NationStates Jolt Archive


An interesting argument on the Palestinian situation

Drunk commies reborn
09-04-2005, 15:42
Let me preface this by saying it's from a biased website, but it's an interesting take on the issue of a Palestinian homeland. While I beleive that the Palestinians should be given the west bank and gaza to build an independant nation, this article raises the issue that the Palestinians are being given preferential treatment over other dispossesed ethnic groups by much of the world.

http://factsandlogic.org/ad_91.html
European Communism
09-04-2005, 15:49
To be honest I don't think there is any hope for the Palestinians when people honestly believe that the Oslo Accords worked in their favour rather than the Israelis. And the mere fact Americans will subscribe (in the majority, of course there is a small activist minority) to whatever Official Line their Government puts out really proves my point about their efforts being futile.
Neo Nuria
09-04-2005, 16:05
The Palestinians are an interesting debate.

When Israel was created, they were sorta kicked out, but it seems that they did stay in the former Palestine. When pleaing to their fellow Muslim countries, the Palestinians were barred, banned, and downright stopped from entering their countries, which is rather strange. I will admit, the Palestinians got the bad end of the deal. Of course, the way they have gone about trying to "fix" their little problem is rather stupid and wrong. The PLO and the HAMAS tend to be good buddies, and both seem to think that bombing tourist buses with American citizens is a good way to rally support for their cause :/. After MANY MANY MANY dealings with Ehud Barakh, a prime minister that many Israeli's didn't like becuase he had offered such large chunks of Israeli land to the Palestinians for their state, Yassir Arafat declined, and answered with multiple terrorist attacks. It was sad, especially when i learned that 95% of the land the Palestinians wanted (everything except Jerusalem, the holiest city of the Jews) wouldve been theres, but Arafat said no. They had so many chances, and they've decided that terrorism would be a better solution.

Of course, the Israeli's aren't doing that hot of a job either. Sharon is a rather strong nationalist, and building a wall won't stop anything. Nor will going into Palestinian towns with tanks, no matter how good-intentioned he is.

Overall, I believe the Palestinian's best bet for a home would be one of the other Muslim countries. It doesn't make sense to me that other Muslims won't take them in, since there really is no difference between them (unless i'm missing something within the religion itself). Meanwhile, Israel is still the only Jewish state.
European Communism
09-04-2005, 16:06
Meanwhile, Israel is still the only Jewish state.

Thank God.
Drunk commies reborn
09-04-2005, 16:07
The Palestinians are an interesting debate.

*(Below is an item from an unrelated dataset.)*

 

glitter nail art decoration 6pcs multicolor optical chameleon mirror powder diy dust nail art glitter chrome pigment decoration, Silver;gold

When Israel was created, they were sorta kicked out, but it seems that they did stay in the former Palestine. When pleaing to their fellow Muslim countries, the Palestinians were barred, banned, and downright stopped from entering their countries, which is rather strange. I will admit, the Palestinians got the bad end of the deal. Of course, the way they have gone about trying to "fix" their little problem is rather stupid and wrong. The PLO and the HAMAS tend to be good buddies, and both seem to think that bombing tourist buses with American citizens is a good way to rally support for their cause :/. After MANY MANY MANY dealings with Ehud Barakh, a prime minister that many Israeli's didn't like becuase he had offered such large chunks of Israeli land to the Palestinians for their state, Yassir Arafat declined, and answered with multiple terrorist attacks. It was sad, especially when i learned that 95% of the land the Palestinians wanted (everything except Jerusalem, the holiest city of the Jews) wouldve been theres, but Arafat said no. They had so many chances, and they've decided that terrorism would be a better solution.

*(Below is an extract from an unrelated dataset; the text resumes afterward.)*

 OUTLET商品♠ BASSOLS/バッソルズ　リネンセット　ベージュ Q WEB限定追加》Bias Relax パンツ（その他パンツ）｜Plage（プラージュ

Of course, the Israeli's aren't doing that hot of a job either. Sharon is a rather strong nationalist, and building a wall won't stop anything. Nor will going into Palestinian towns with tanks, no matter how good-intentioned he is.

Overall, I believe the Palestinian's best bet for a home would be one of the other Muslim countries. It doesn't make sense to me that other Muslims won't take them in, since there really is no difference between them (unless i'm missing something within the religion itself). Meanwhile, Israel is still the only Jewish state.
Building the fence has actually caused a decline in Palestinian terrorism. Sometimes the best thing for all parties involved is to stay separated.
Drunk commies reborn
09-04-2005, 16:07
Thank God.
Anti-Semitic much?
European Communism
09-04-2005, 16:09
Building the fence has actually caused a decline in Palestinian terrorism. Sometimes the best thing for all parties involved is to stay separated.

A Wall as a Weapon

Noam Chomsky

CAMBRIDGE, Mass. — It is a virtual reflex for governments to plead security concerns when they undertake any controversial action, often as a pretext for something else. Careful scrutiny is always in order. Israel's so-called security fence, which is the subject of hearings starting today at the International Court of Justice in The Hague, is a case in point.

Few would question Israel's right to protect its citizens from terrorist attacks like the one yesterday, even to build a security wall if that were an appropriate means. It is also clear where such a wall would be built if security were the guiding concern: inside Israel, within the internationally recognized border, the Green Line established after the 1948-49 war. The wall could then be as forbidding as the authorities chose: patrolled by the army on both sides, heavily mined, impenetrable. Such a wall would maximize security, and there would be no international protest or violation of international law.

This observation is well understood. While Britain supports America's opposition to the Hague hearings, its foreign minister, Jack Straw, has written that the wall is "unlawful." Another ministry official, who inspected the "security fence," said it should be on the Green Line or "indeed on the Israeli side of the line." A British parliamentary investigative commission also called for the wall to be built on Israeli land, condemning the barrier as part of a "deliberate" Israeli "strategy of bringing the population to heel."

What this wall is really doing is taking Palestinian lands. It is also — as the Israeli sociologist Baruch Kimmerling has described Israel's war of "politicide" against the Palestinians — helping turn Palestinian communities into dungeons, next to which the bantustans of South Africa look like symbols of freedom, sovereignty and self-determination.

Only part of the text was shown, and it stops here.